In modern democratic economies, the equality of rights is expressed through the openness of the competitive playing field. Capitalist economies generate competitors large and small; they maintain a more or less level playing field by ensuring an equality of access to markets and consumers. In open market economies, companies as large and prestigious as General Motors are forced to compete on more or less equal terms with many smaller, often nimbler competitors. Indeed GM’s major competitor today, Toyota was a mere speck on the horizon thirty years ago when it began to seriously challenge GM’s market share. In tolerating an equal standing with new more innovative competitors, established companies (with powerful vested interests) in our capitalist economy agree to cooperate, in this sense to sacrifice some part of their own ultimate power for the greater economic good9. While this may seem altruistic, it is really the old republican notion that respecting others’ rights (property or otherwise) is a necessary precondition to ensuring the preservation of one’s own rights.
All capitalist economies depend upon a generalized acceptance of this principal (to some degree) in order to function optimally, however let’s not forget that there are powerful property related incentives to the contrary. Indeed even Adam Smith warned against certain types of ‘cooperation’ between merchants: “People of the same trade seldom meet together, even for merriment and diversion, but the conversation ends in a conspiracy against the public, or in some contrivance to raise prices.10” Ultimately, however, all these so called ‘cooperative’ activities, price-fixing agreements, cartels, arrangements to reduce capacity or quotas to restrict imports etc, are actions undertaken by groups of producers (or governments) to betray someone else’s rights (competitors or consumers). In deliberately advancing particular and not general rights, this is selfishness masquerading as cooperation11. Ironically it is the lack of this equality of rights and social cooperation that leads to stagnation in socialist and other restrictive economies12.
However, as important as this foundational cooperation has been, it is only part of the story. Modern capitalism continues to evolve along Aristotelian lines, demonstrating a tendency as it advances to even greater cooperation.
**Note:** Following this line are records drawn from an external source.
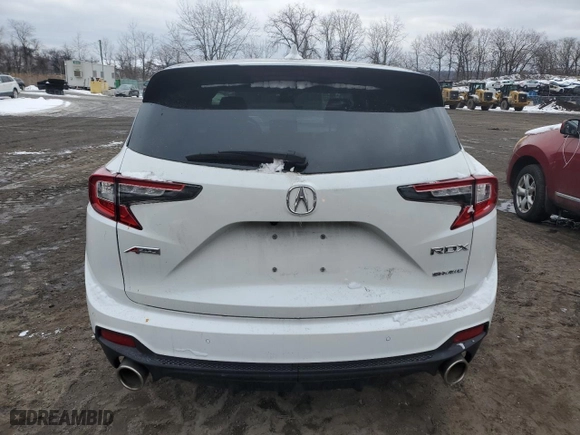 2020 Acura RDX w/A-Spec Pkg with VIN 5J8TC2H6XLL028904, listed as a Copart auction lot 44723385 with 0 mi miles and Salvage Title. Bid and sale history available at carsss.com. Image 6.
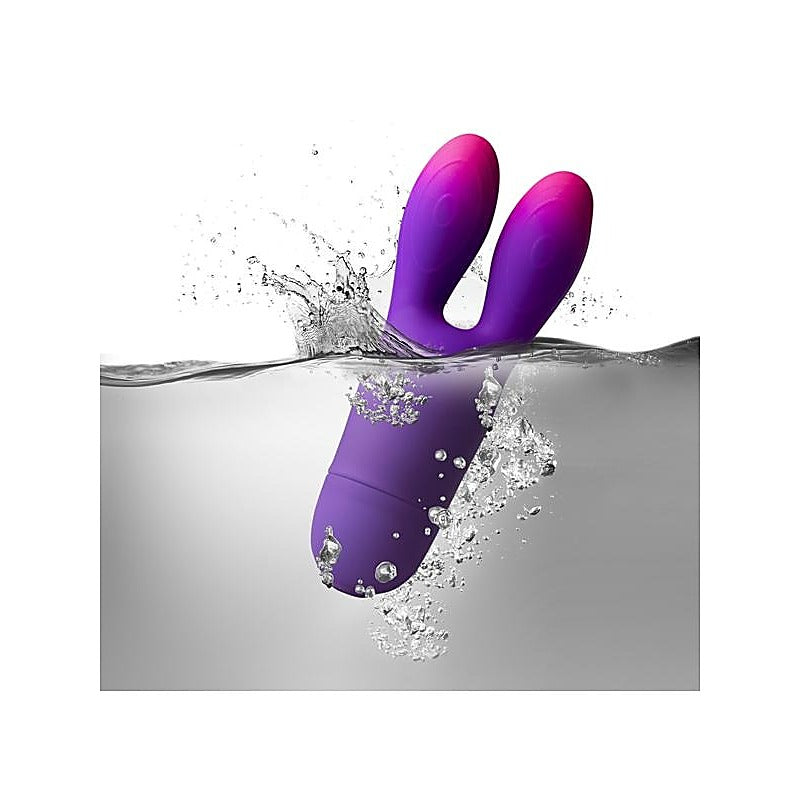 Glo Girl Bunny 10 Function Rabbit Ear Vibrator by Rocks Off - Rabbit Vibrators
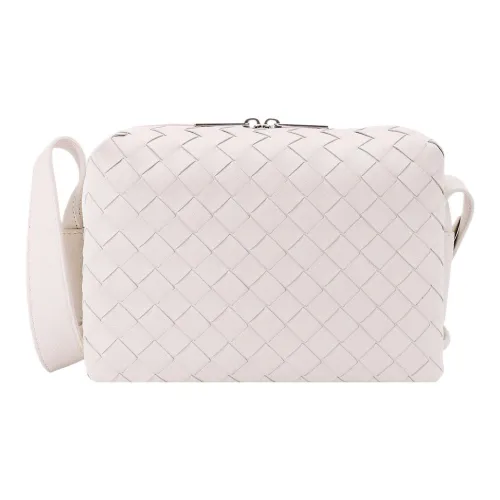 Bottega Veneta Сумка через плечо из кожи мужская светло-розовая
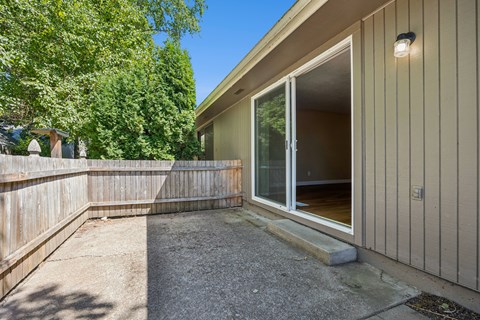 Timberview Estates Patio Area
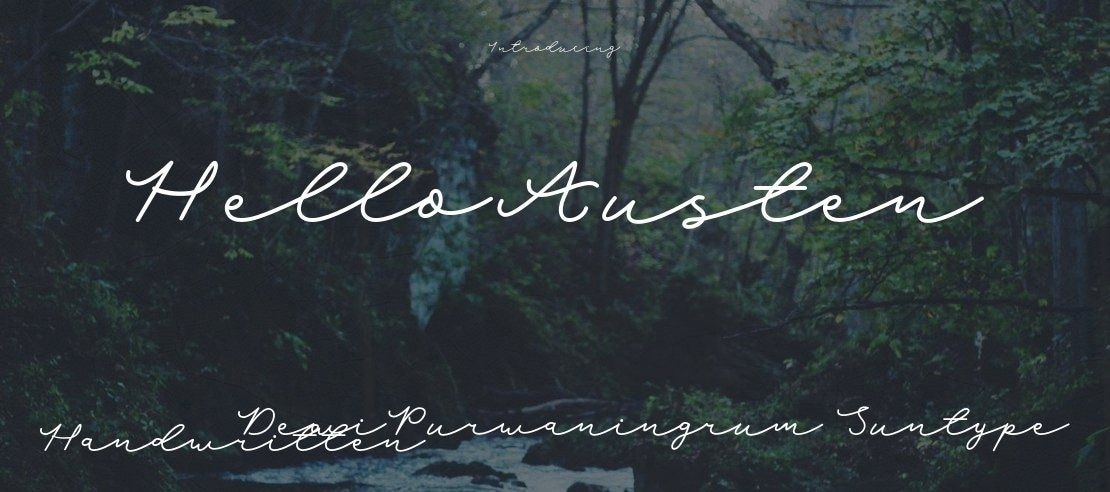 Hello Austen Font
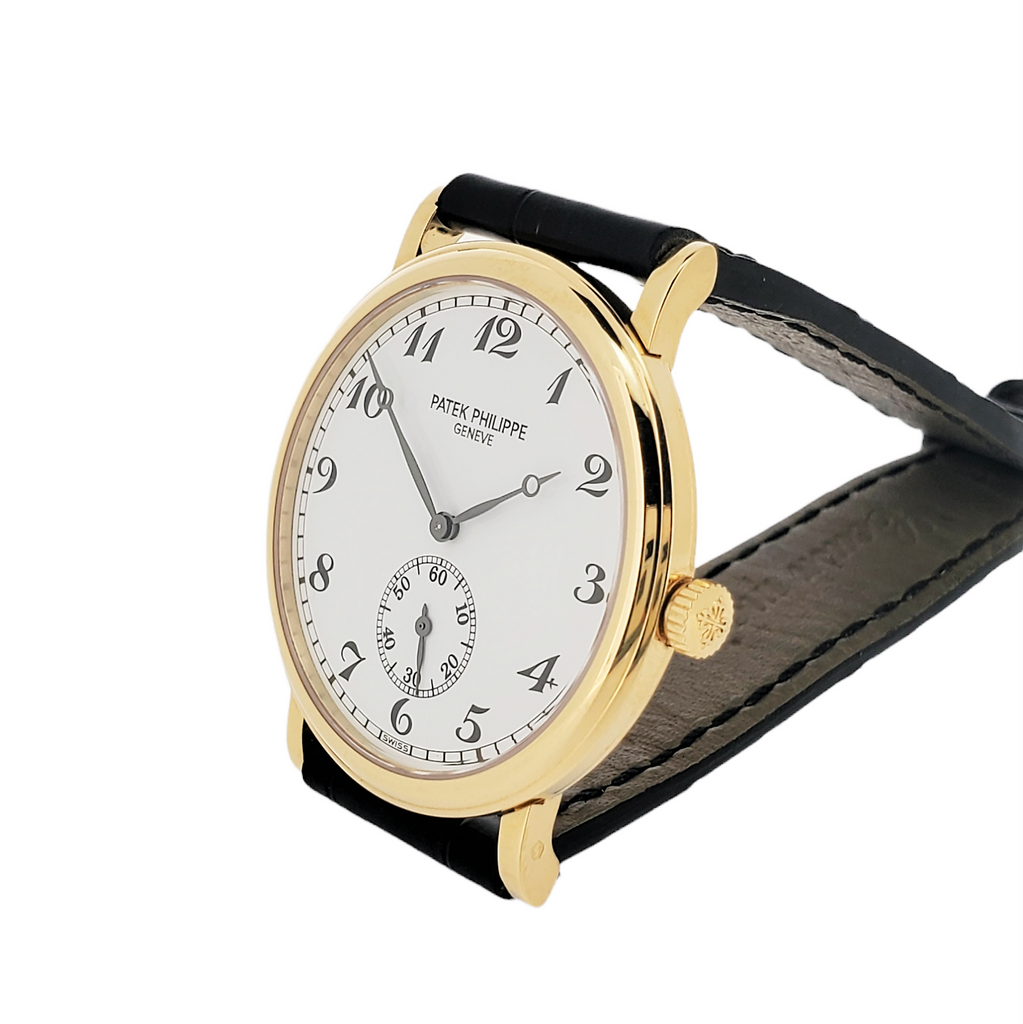 Patek Philippe 5022J Calatrava Officers Breguet Dial Watch circa 1999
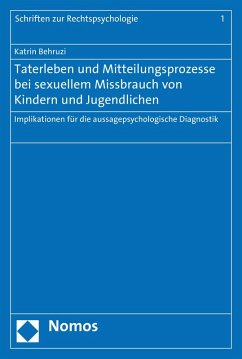 Taterleben und Mitteilungsprozesse bei sexuellem Missbrauch von Kindern und Jugendlichen (eBook, PDF) - Behruzi, Katrin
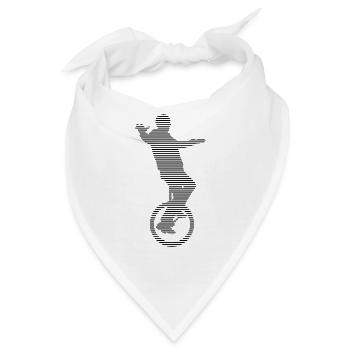 Einrad - Bandana - Weiß - Vorne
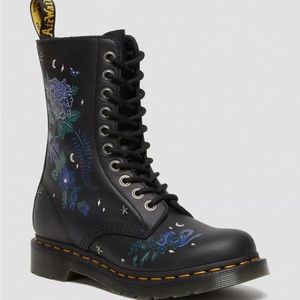 1490 MYSTIC FLORAL LEATHER MID-CALF BOOTS FLORAL MASH UP K HYDRO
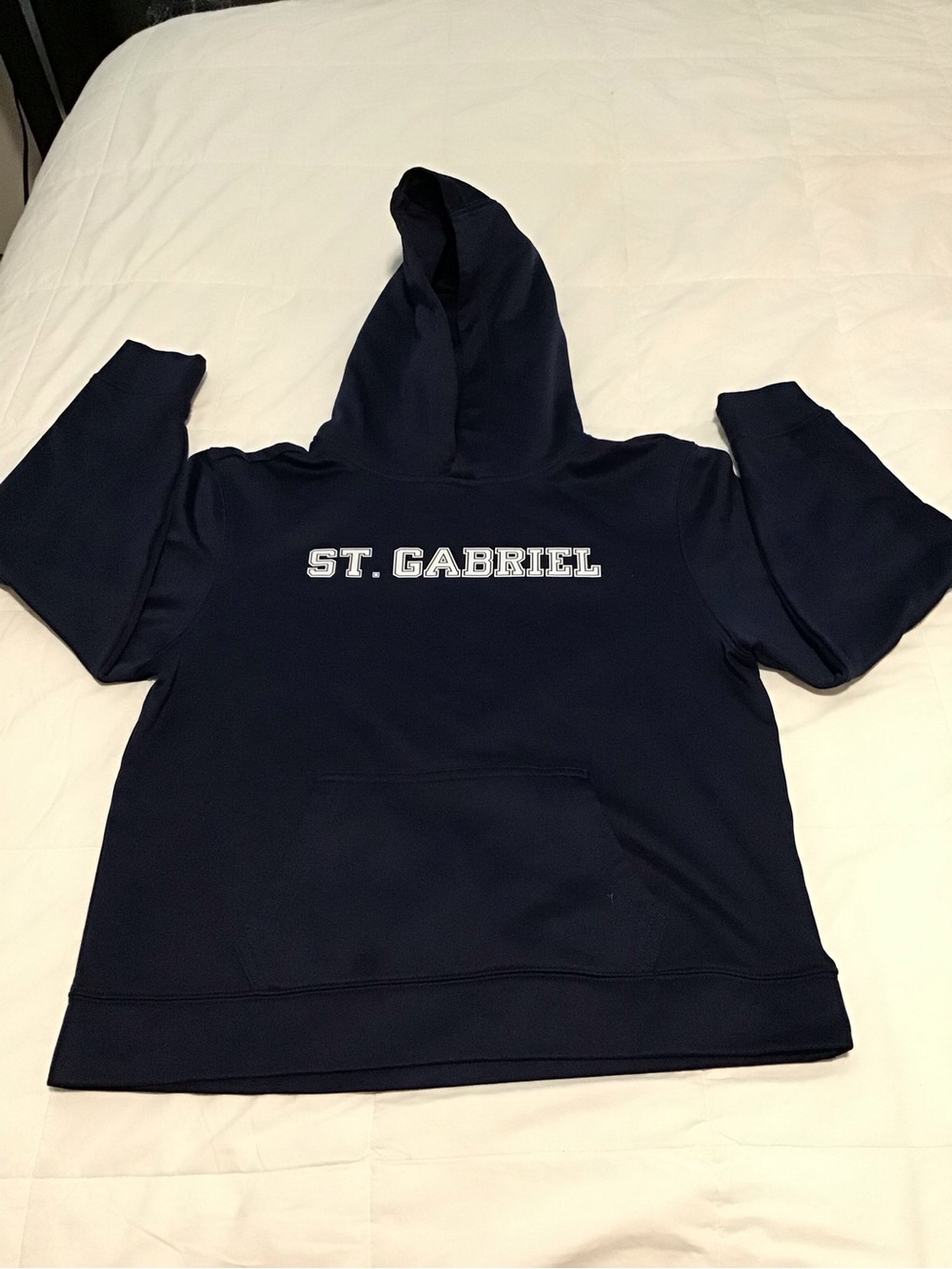 Sport-Tek Navy Youth Pullover with White Logo M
Cooperation Advancing as Capitalism Evolves
Clearly a degree of adversarial behaviour is unavoidable in market economies if the principal of rights and the equality of rights are to be respected, however almost from the beginning, governments have worked to mitigate the more counter-productive elements of competition in their economies. Elements which if allowed to escalate without restraint would impinge property rights, discouraging or reducing active participation in the market. Two principles, formed by the interests of property ownership have had a large influence shaping the character of market competition over the ages. Principle number one, predicated on the equality of property rights, is the notion that competition should be open and non-discriminatory. Principle number two is a risk management principal suggesting that: as individuals, the less we have to lose the more likely we are and the more willing we are to compete aggressively.
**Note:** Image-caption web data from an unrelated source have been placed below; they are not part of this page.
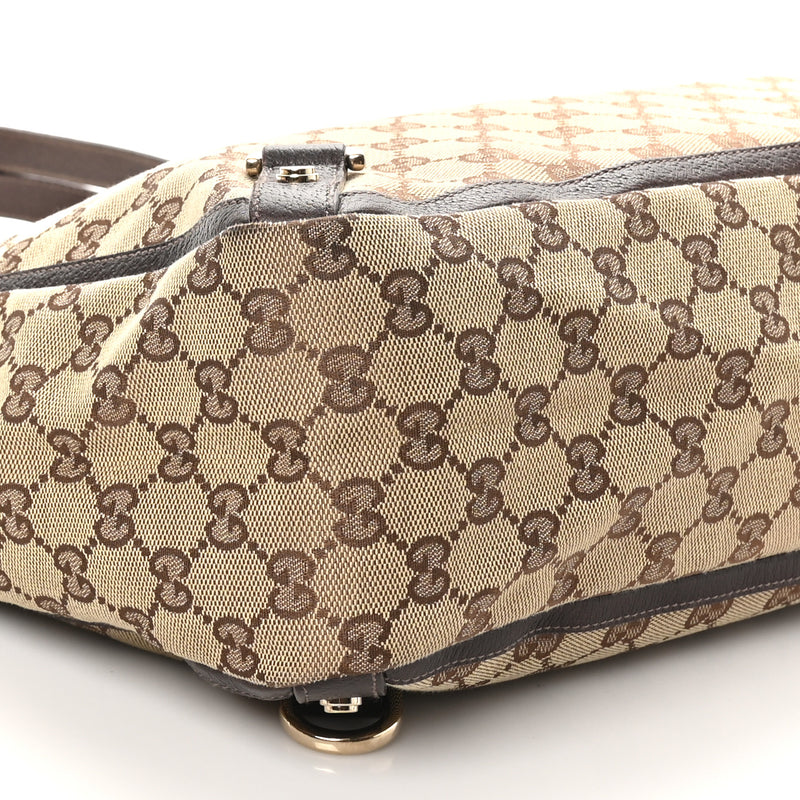 Gucci Large Abbey Tote Dark Brown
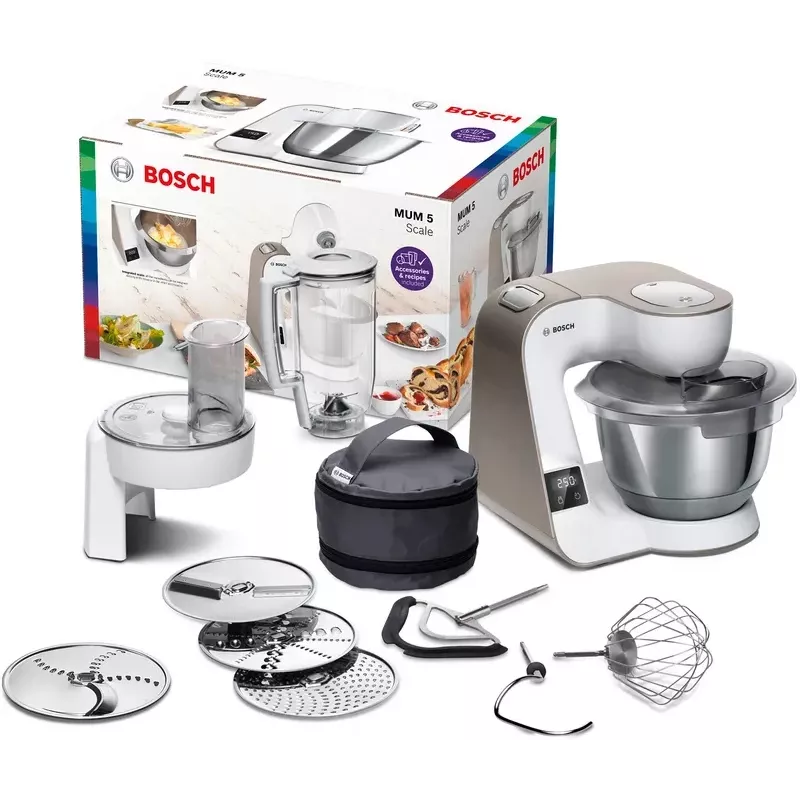 Bosch MUM5XW20 robot kuchenny 1000 W 3,9 L Biały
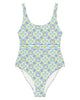 La Dolce Lemon Tile One-Piece Swimsuit - thumbnail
One of the greatest threats to open and fair competition is the presence of monopolistic practices, behaviour that restricts access to markets even in the presence of willing participants. Capitalism in the late 19th and early 20th century responded vigorously to just such a challenge in order to maintain open and free competition. Antitrust legislation was introduced in the United States to combat the growth of monopolistic ‘trusts’ that emerged initially in rail transport, and later in sugar, steel, tobacco and most importantly oil. This legislation had as its objective the preservation of an open and free competitive economy, which was being threatened by heavy-handed practices of the trusts, most famously John D. Rockefeller’s Standard Oil Trust13.
In respect to managing individual risk, one of the earliest champions was Edward Pleydell-Bouverie who, as President of the Board of Trade, forced through a conservative United Kingdom Parliament the world’s first Limited Liability Act in 185514, a risk reduction factor that opened the door to unprecedented growth in Victorian England. Governments have ever since (for better or worse) played a significant role maintaining openness and non-discrimination in the economic system. Where they have been successful, legislation has modified competitive forces in ways that have managed individual’s risk while increasing their willingness and ability to participate actively in the market.
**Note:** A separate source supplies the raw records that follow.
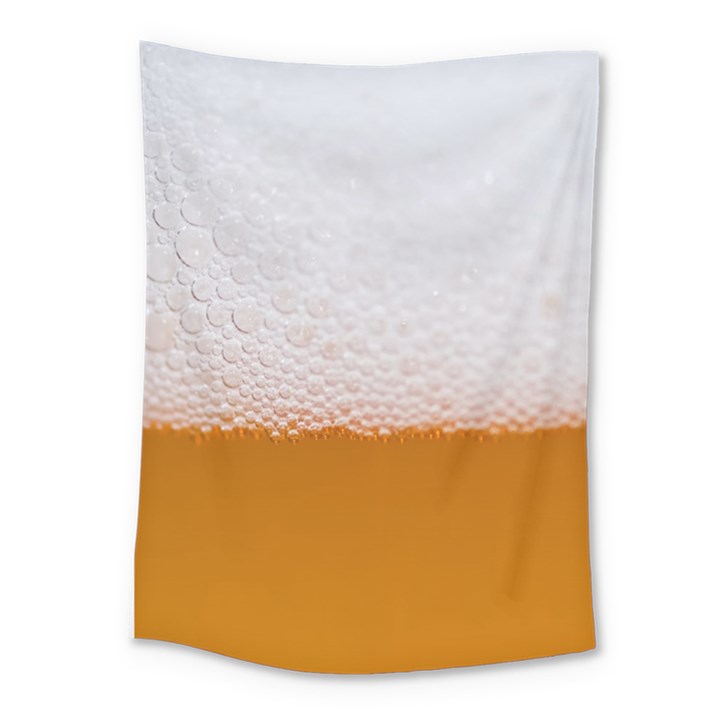 Beer Foam Bubbles Alcohol Glass Medium Tapestry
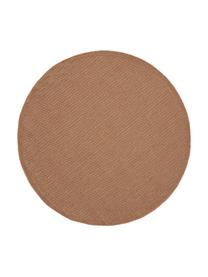 Tapis rond extérieur intérieur terracotta Toronto, 100 % polypropylène, Terre cuite, Ø 120 cm (taille S)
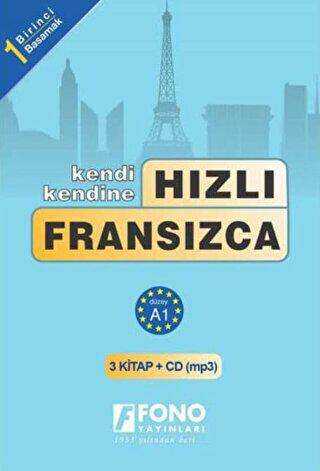 Hızlı Fransızca 1. Basamak 3 Kitap + 3 CD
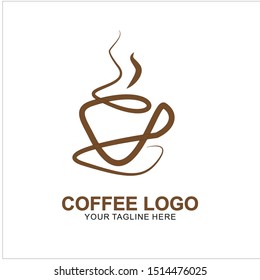 Coffee logo design with modern concept. Icon coffee cup vector template
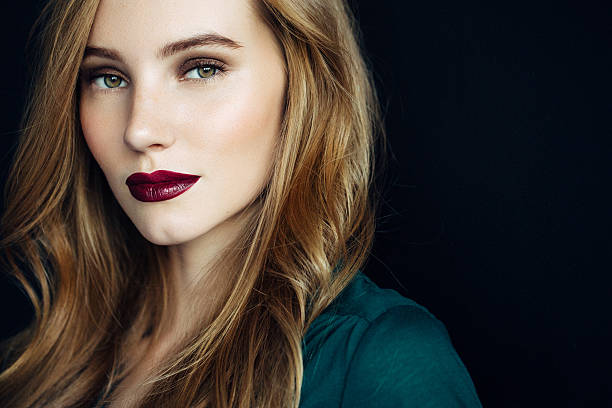 istock Studio shot of young beautiful woman 614115488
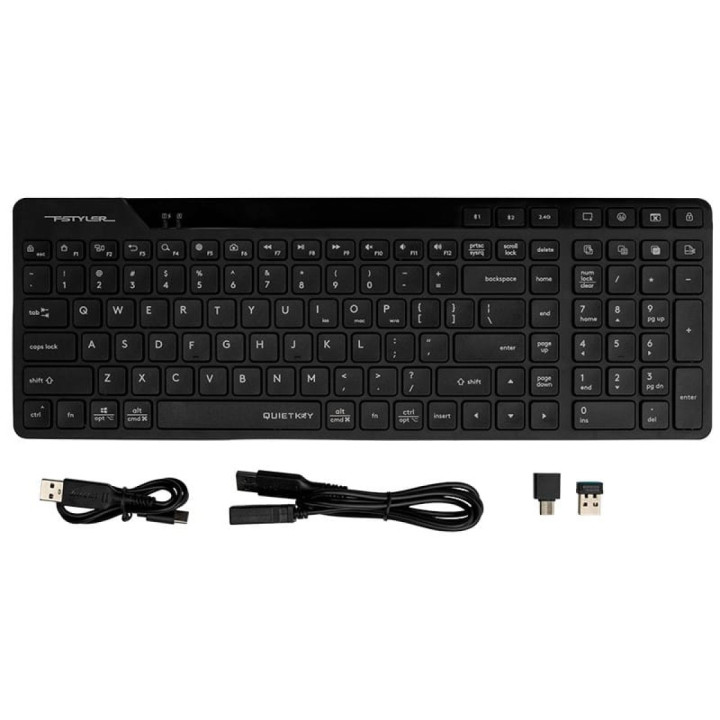A4Tech Fstyler FBK27CAS Black 2.4GHz+BT (Silent)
But many other restraints on competition, which some would describe as cooperative, have occurred organically from within the capitalist system as it has evolved over time. For instance, the present transition from industrial to knowledge-based economies is encouraging greater cooperation up and down the supply chain. Value in a ‘knowledge’ economy is found increasingly in intangibles; assets which are unlimited in quantity and basically accessible to anyone with the ability to innovate. As a result, competitive advantage is more likely to be found today in people, in the ability to innovate, as opposed to the machines of the industrial age. As a consequence modern management is increasingly focused on ways of unleashing the innovative potential of their employees, and building or sustaining a variety of complex win-win supply-chain relationships. As a result ‘co-opetition’ is more characteristic of modern business today than traditional competition. These changes represent quite a change from the past, when corporations felt wholly justified in mistreating employees, beating-up on suppliers, stealing trade secrets, etc. And while incidences of cutthroat competition still occur, (Microsoft comes to mind in more than a few cases recently) the post-industrial economy today is increasing the need and value of ‘soft power’, rewarding the ability to network, innovate and build collaborative relationships.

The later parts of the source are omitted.